Freeman’s girlfriend, Nicky Carmikle, sobbed as she knelt down and placed her boyfriend’s camouflage baseball hat in the center of the stone circle surrounding the wooden cross.
Carmikle recalled how she had stepped away from the race for a few minutes to use the bathroom and returned to find the truck upside down, bodies everywhere and people screaming in panic.
“His shoes are still over there. I can’t even look,” she said, gesturing to a bag full of abandoned clothing, shoes and blankets, some stained with blood. “It just isn’t fair, it isn’t right.”
Those who witnessed the accident said the crowd pressed close to the track and could almost touch the trucks as they hurtled and bounced over the desert sand.

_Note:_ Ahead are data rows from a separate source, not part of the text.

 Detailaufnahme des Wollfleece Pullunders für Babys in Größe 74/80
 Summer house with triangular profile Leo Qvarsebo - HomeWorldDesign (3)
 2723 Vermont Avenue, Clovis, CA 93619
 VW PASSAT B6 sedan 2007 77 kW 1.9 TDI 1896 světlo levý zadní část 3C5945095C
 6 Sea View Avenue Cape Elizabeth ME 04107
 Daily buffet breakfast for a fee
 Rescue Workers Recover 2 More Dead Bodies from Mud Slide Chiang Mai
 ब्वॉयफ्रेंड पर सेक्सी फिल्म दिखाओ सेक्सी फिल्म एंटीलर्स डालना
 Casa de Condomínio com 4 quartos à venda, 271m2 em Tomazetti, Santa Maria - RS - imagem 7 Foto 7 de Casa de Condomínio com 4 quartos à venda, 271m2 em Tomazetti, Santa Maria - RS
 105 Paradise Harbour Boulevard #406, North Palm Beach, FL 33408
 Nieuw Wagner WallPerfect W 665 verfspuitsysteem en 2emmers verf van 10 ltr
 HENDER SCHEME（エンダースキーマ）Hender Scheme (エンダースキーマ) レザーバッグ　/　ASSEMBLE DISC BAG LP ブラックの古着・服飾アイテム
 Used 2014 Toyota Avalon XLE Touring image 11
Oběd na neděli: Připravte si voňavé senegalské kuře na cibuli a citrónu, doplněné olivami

Shortly after the race began, one driver took a jump at high speed, hit his brakes on landing and rolled his truck sideways into spectators, sending bodies flying on a section of track that had no guardrails or anything else to keep the crowd back. Eight people were killed and 12 were injured.
“You could touch it if you wanted to. It’s part of the excitement,” Carmikle said. “There’s always that risk factor, but you just don’t expect that it will happen to you.”
California Highway Patrol Officer Joaquin Zubieta said Brett M. Sloppy, 28, of San Marcos, was behind the wheel of the truck involved in the crash. Zubieta said alcohol was not a factor in the crash and there were no plans to arrest Sloppy, who the CHP estimates was going 45 to 50 mph at the time of the crash.